DynamoDB
- Fully managed, highly available with replication across 3 AZs
- NoSQL database - not a relational database
- Scales to massive workloads, distributed database
- Millions of requests per seconds, trillions or rows, hundreds of thousands of TB of storage
- It is fast and consistent regarding performance (low latency retrieval of data)
- It is integrated with IAM for security, authorization and administration
- It enables event driven programming with DynamoDB Streams
- It provides auto scaling capabilities at low cost
Basics
- DynamoDB is made of tables
- Each table has a primary key (must be decided at creation time)

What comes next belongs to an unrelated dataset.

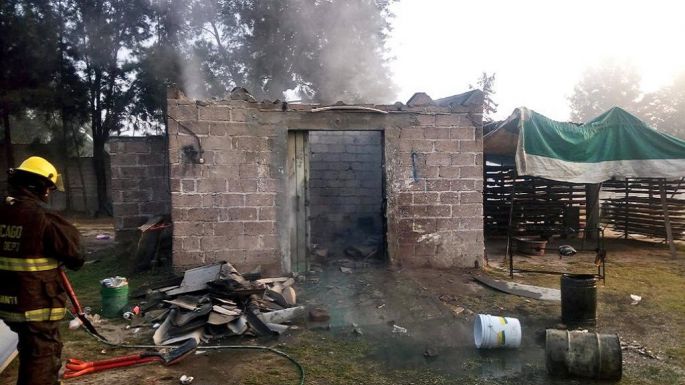 Explota pirotecnia en Tultepec
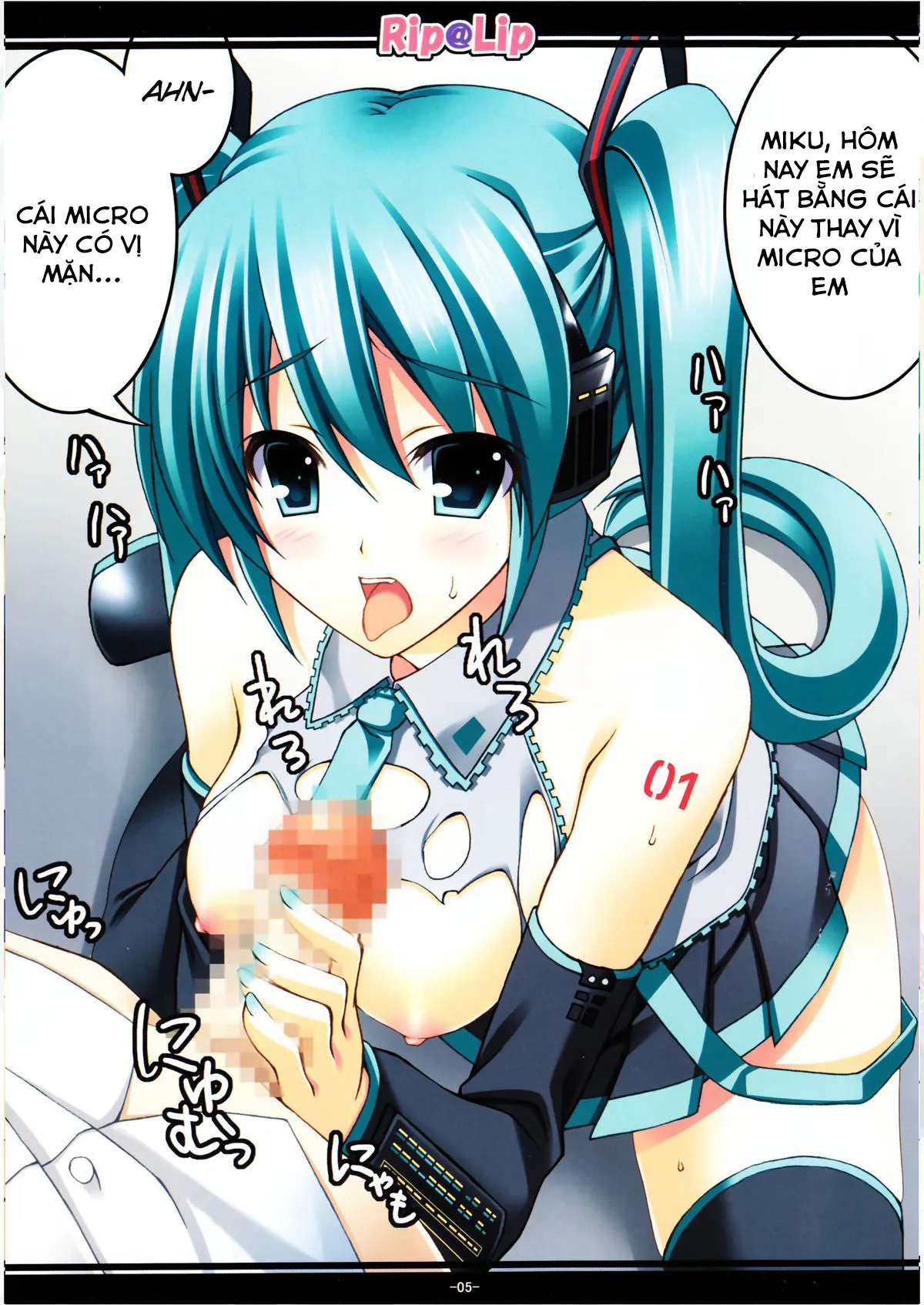 HentaiVN.net - Ảnh 6 - Seri Hatsune Miku - Mikku Miku ni ( cô nàng dâm đãng )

- Each table can have an infinite number of items (rows)
- Each item has attributes which can be added over time (can be null)
- Maximum size of an item is 400KB
- Supported data types:
- Scalar types: string, number binary, null
- Document types: list, map
- Set types: string set, number set, binary set
Provisioned Throughput
- Table must have a provisioned throughput, we must provision read and write capacity units
- Read Capacity Unit (RCU): throughput for reads ($0.00013 per RCU)
- 1 RCU = 1 strongly consistent read of 4 KB per second
- 1 RCU = 2 eventually consistent read of 4 KB per second
- Write Capacity Unit (WCU): throughput for writes ($0.00065 per WCU)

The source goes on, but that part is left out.